Porque la falta de respeto a las ideas, creencias o prácticas de los demás cuando son diferentes o contrarias a las propias, definida así por cualquier diccionario una de las acepciones de intolerancia, está cancelando algo tan consustancial a la cultura como es la diversidad.
Desde febrero del año anterior, quienes no están de acuerdo con la versión oficial y única admitida sólo tienen tres opciones: la cárcel, el exilio o el desempleo. Esto golpea a escritores, directores de escena, actores, cineastas, artistas y museógrafos, por citar sólo algunos de los oficios más sujetos a la censura.
Ya no son noticia los despidos de los directores de los teatros más famosos del país, el más reciente el de Andrei Moguchy, quien desde 1913 dirigió el Gran Teatro del Drama de San Petersburgo; o la anulación del contrato de la veterana actriz Liya Ajedzhakova en el teatro Sobremennik de Moscú; o la retirada de los escaparates de las librerías de las obras de muchos escritores; o la cancelación de exposiciones o de estrenos de filmes.
Las remociones descabezaron dos de los museos más prestigiados del mundo: el museo Pushkin y la Galería Tretiakov.
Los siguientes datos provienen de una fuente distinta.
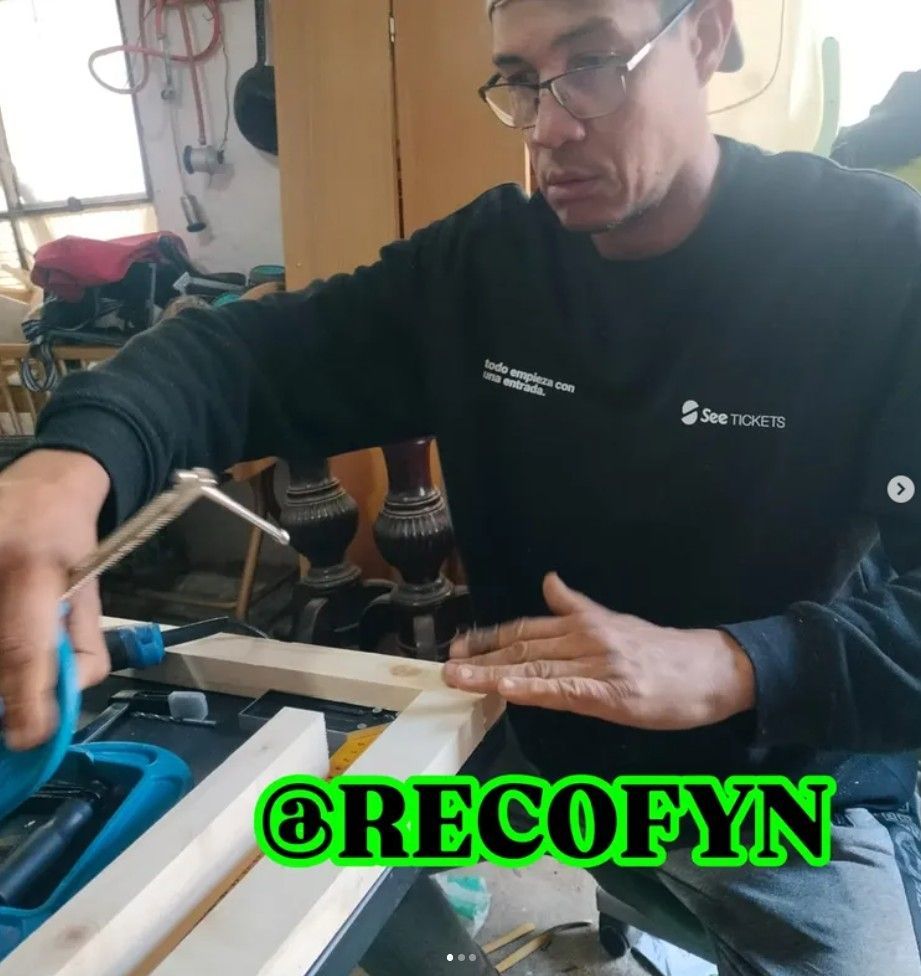 Persona trabajando con herramientas en un banco de trabajo en un taller, vistiendo una sudadera negra.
Marina Loshak, en el primero, y Zelfira Tregulova, en el segundo, nunca se pronunciaron públicamente contra la invasión de Ucrania, pero –a diferencia del director de El Hermitage, Mijail Piotrovsky– tampoco expresaron su apoyo a la “operación militar especial”.
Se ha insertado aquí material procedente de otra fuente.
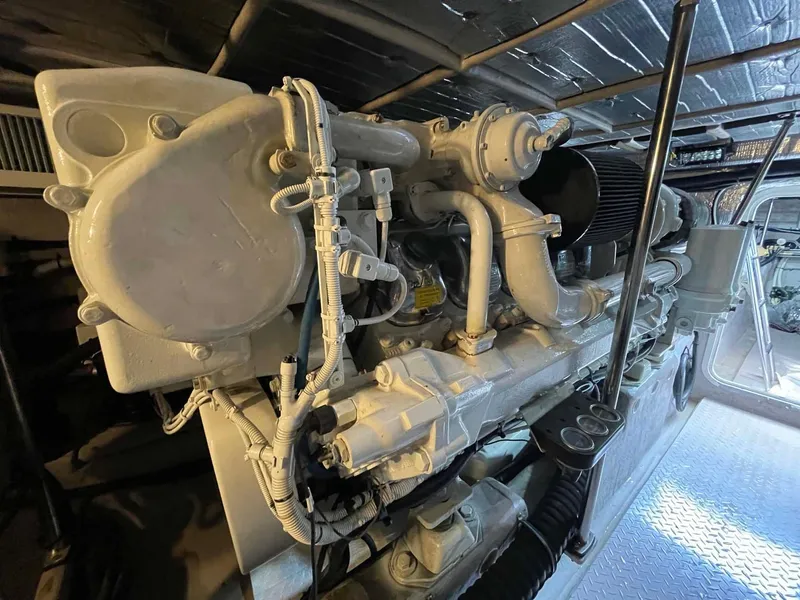 Slide: The Image of Engine room of 2003 Sea Ray 560 Sedan Bridge yacht, showcasing detailed machinery. - 48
Los relevos de estas eminencias compensan su falta de experiencia con sobrada lealtad a la élite gobernante: Elizaveta Lijachova, ahora al frente del Pushkin, dirigía el museo de arquitectura y, en una entrevista, contó que antes trabajó en el Ministerio del Interior y participó en un movimiento juvenil pro-Putin porque “ahí pagaban bien”. Yelena Pronicheva, más discreta, llegó a la Galería Tretiakov desde el museo Politécnico y es hija de un general que durante años perteneció a la plana mayor del FSB, el Servicio Federal de Seguridad.